## PROBLEM TO SOLVE
Wherever a picture appears in the listing, leave it out, and copy the rest exactly.
** Opening DATA PROVIDED block **
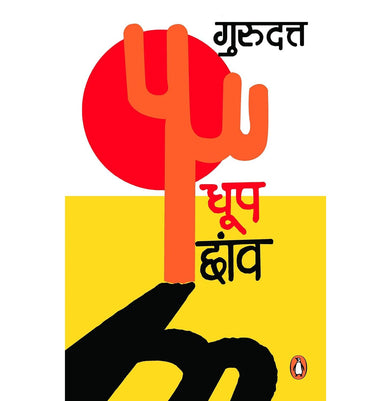 imagDHOOP CHHANW buy online at crossword.in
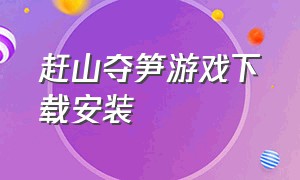 赶山夺笋游戏下载安装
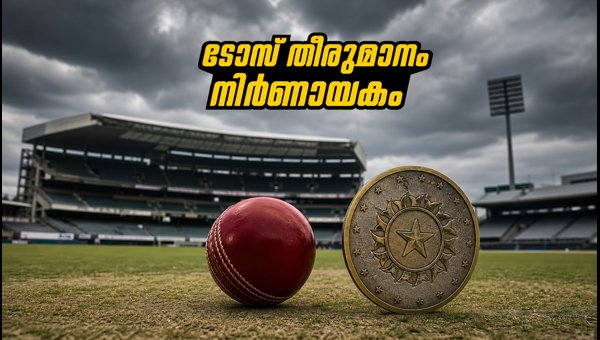 India vs New Zealand T20: Eden Park Toss Strategy and Pitch Analysis for 2026 Match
** Closing DATA PROVIDED block **
## COMPLETED TASK
 imagDHOOP CHHANW buy online at crossword.in
 赶山夺笋游戏下载安装
 India vs New Zealand T20: Eden Park Toss Strategy and Pitch Analysis for 2026 Match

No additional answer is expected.